▶ Work order
Each entry below must be given again word for word, with no pictures.

▶ Dataset content

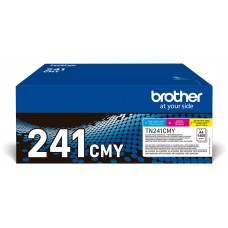 TONER ORIGINAL BROTHER TN241CMY MULTIPACK/ CIAN / MAGENTA / AM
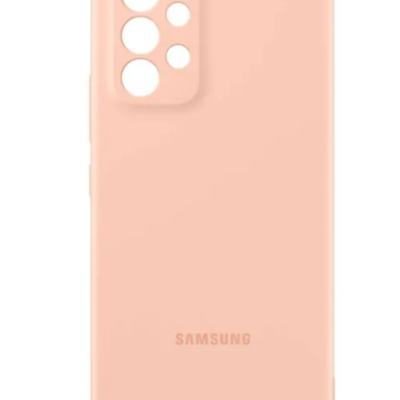 Black Friday 2022 Protectie spate Samsung EF-PA536TPEGWW pentru Samsung Galaxy A53 (Portocaliu)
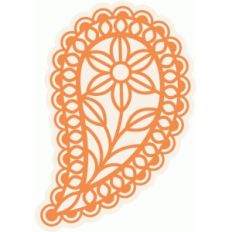 flower paisley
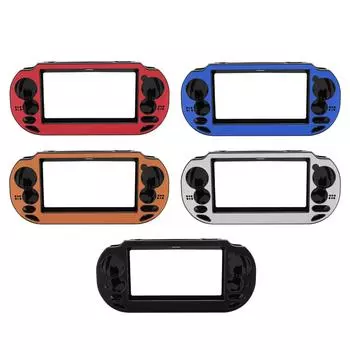 Защитный чехол для игровой консоли, водонепроницаемый противоударный металлический чехол для консоли для Vita 1000 PSV 1000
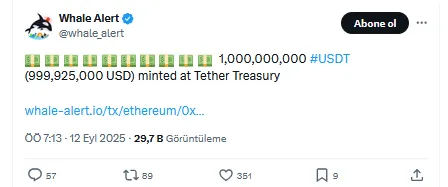 USDT basımı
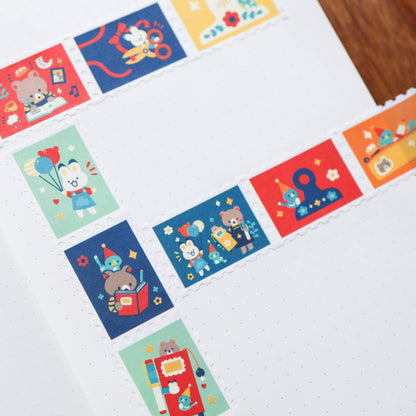 A Craft Party - Stamp Washi Tape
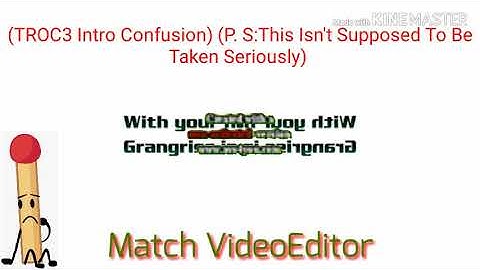 Troc 3 Intro Confusion (A Joke That is for Purposes Only)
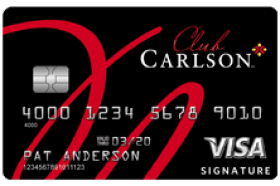 Club Carlson Premier Rewards Visa Signature® Card logo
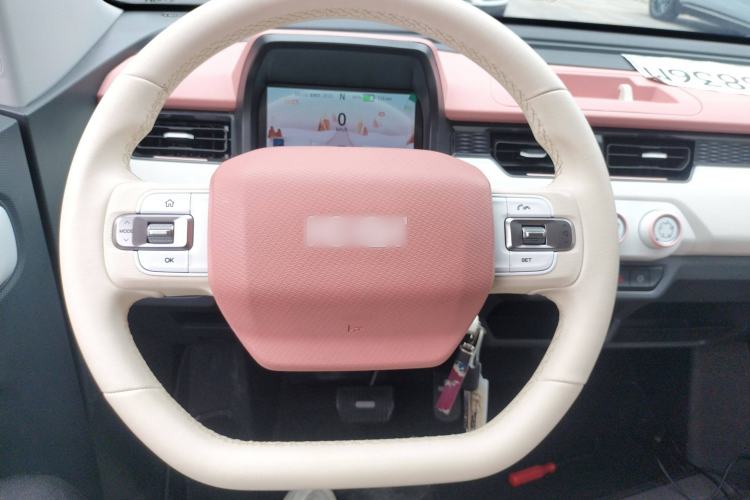 Used Chery New Energy QQ Ice Cream 2022 Taohuanxi Sweet Peach Edition Steering Wheel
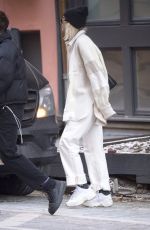 DUA LIPA Out and About in New York 12/19/2019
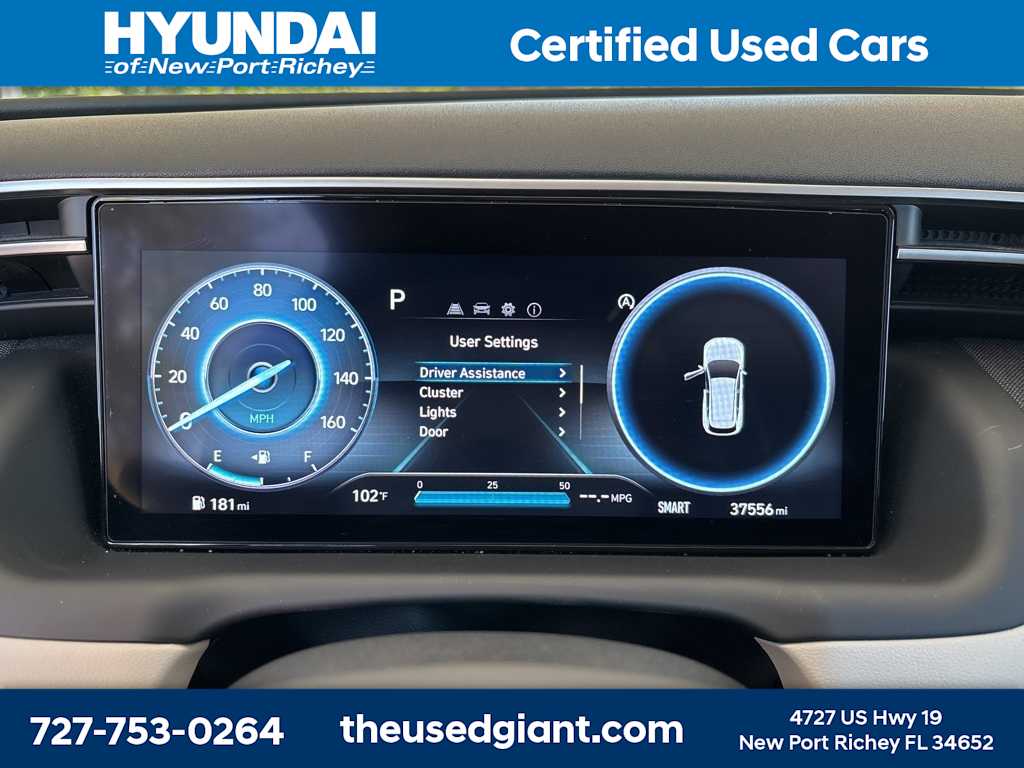 2022 Hyundai Tucson SEL 37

▶ Task result
 TONER ORIGINAL BROTHER TN241CMY MULTIPACK/ CIAN / MAGENTA / AM
 Black Friday 2022 Protectie spate Samsung EF-PA536TPEGWW pentru Samsung Galaxy A53 (Portocaliu)
 flower paisley
 Защитный чехол для игровой консоли, водонепроницаемый противоударный металлический чехол для консоли для Vita 1000 PSV 1000
 USDT basımı
 A Craft Party - Stamp Washi Tape
 Troc 3 Intro Confusion (A Joke That is for Purposes Only)
 Club Carlson Premier Rewards Visa Signature® Card logo
 Used Chery New Energy QQ Ice Cream 2022 Taohuanxi Sweet Peach Edition Steering Wheel
 DUA LIPA Out and About in New York 12/19/2019
 2022 Hyundai Tucson SEL 37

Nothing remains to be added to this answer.